▶ What you will do: All the data should be repeated exactly. Any image in it is left out.

▶ Dataset extract:
##########
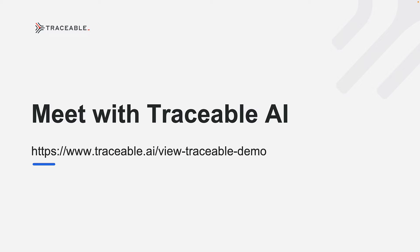To learn more about Traceable AI's API protection or to request a demo, please visit traceable.ai/view-traceable-demo.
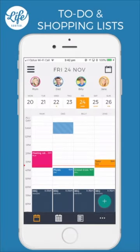Hello, my name is Jo. In this video I'll show you how to get the most out of the to-do and shopping list features in the LifeSorted app.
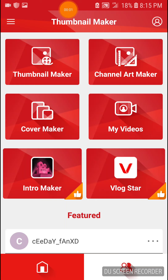Hey guys, we're here with Game101 and today we're doing a quick little video on how I do my thumbnails. I've been getting questions on how do you do your thumbnails, how do you make your thumbnails, what do you use to get your thumbnails. And I will show you how and what I use.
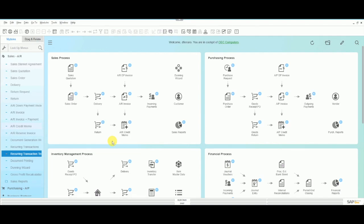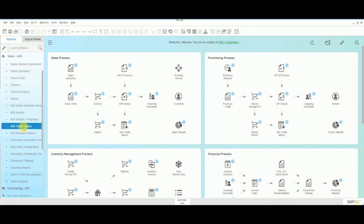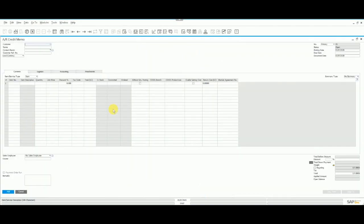Hello, today we're going to discuss creating a credit memo without affecting inventory. In SAP we're going to open up our credit memo, and make sure that the field here 'without quantity posted' is selected in the form settings.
##########
▶ Answer to the problem:
To learn more about Traceable AI's API protection or to request a demo, please visit traceable.ai/view-traceable-demo.
Hello, my name is Jo. In this video I'll show you how to get the most out of the to-do and shopping list features in the LifeSorted app.
Hey guys, we're here with Game101 and today we're doing a quick little video on how I do my thumbnails. I've been getting questions on how do you do your thumbnails, how do you make your thumbnails, what do you use to get your thumbnails. And I will show you how and what I use.
Hello, today we're going to discuss creating a credit memo without affecting inventory. In SAP we're going to open up our credit memo, and make sure that the field here 'without quantity posted' is selected in the form settings.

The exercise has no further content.